Before TiDB is relatively blank in the backup part, and only supports logical backup. However, the efficiency of logical backup is very low in the case of large data volume, so the BR tool in 4.0 now favors physical backup, which is very encouraging.

BR itself communicates with PD to get the current timestamp and the current distribution of TiKV, and BR itself internally starts a temporary TiDB instance to build a backup related request information and send the request information to each TiKV node. Therefore, the backup process is actually a distributed backup. The designated TiKV node will only back up the primary node on its current instance, which is similar to physical backup. When it finishes backing up the Region Leader, it will return the corresponding metadata to BR, which will save the metadata in a separate file. Then use it for recovery.

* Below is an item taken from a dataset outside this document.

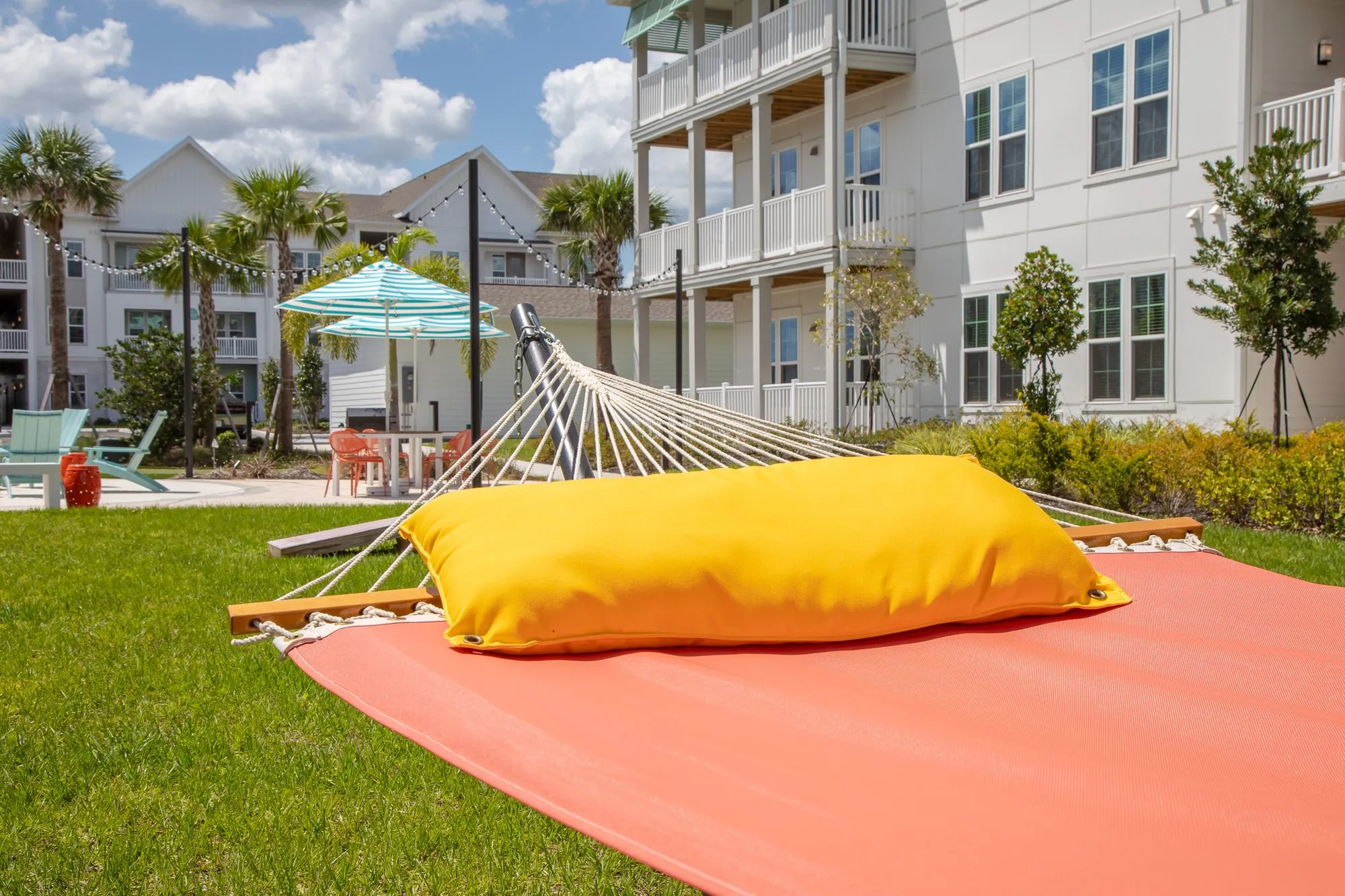 Multifamily amenity lawn detail: coral hammock with a yellow pillow, umbrellas and apartment buildings behind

We tried it briefly, as shown below:

We backed up in the way of shared storage according to the official suggestion, which means that the same shared storage was hung on the BR machine and all TiKV machines to make a backup. A 2.4T TiDB instance was backed up for about several hours. This time can be further optimized. Because I think the average speed is only more than 80 megabytes, may be limited by the current SAS disk bandwidth problem, the later adjustment will be faster. You can also see the size of each directory in BR backup. The total backup size can be seen as more than 700 GB.

That’s all for sharing. Thank you.

This article is adapted from Chao Xu’s talk at TiDB DevCon 2020.